Long after Jack gets bored and all NIP-65 relays federatuon run out of funding and shut down, there will still be 8 million wildly distributed (geographically and organizationally) DHT nodes.

If that is not a difference... not sure what would be.

DHT is not only not complicated, they are simpler than even an http2.0 server, let alone websockets... you can implement a DHT client from scratch... what are we even talking about here.

"Long after Jack gets bored and all NIP-65 relays federation run out of funding and shut down, there will still be 8 million wildly distributed (geographically and organizationally) DHT nodes"
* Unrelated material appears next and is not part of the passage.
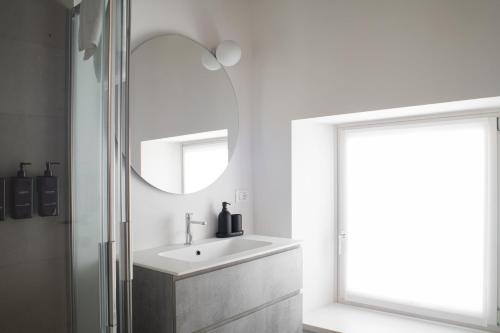 Bilik mandi di Borgo Gemona Luxury Suites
You just made a lot of assumpitons here:

- Jack will get bored of nostr

- NIP-65 relays are costly to run and devs (who are Bitcoiners BTW) don't have enough money to keep running them

- Regular users will let them be shut down instead of sending donations to keep them running in case of monetary issues

- There will always be 8 million mainline nodes, they won't ever get bored or run out of funding

I don't believe any of these are true

BitTorrent itself might slowly disappear or become irrelevant, and with it the DHT nodes. A solution for nostr should be native to nostr, not dependent on another completely unrelated network

Also, if ICANN wants, they can start fucking with the entire mainline DHT network starting tomorrow, because the DHT network itself relies on IPv4 (addresses ultimately controlled by ICANN) for Sybil resistance

Ok, start building the federation so we can actually discuss two real things and I can actually attack your system instead of saying that someone might attack it.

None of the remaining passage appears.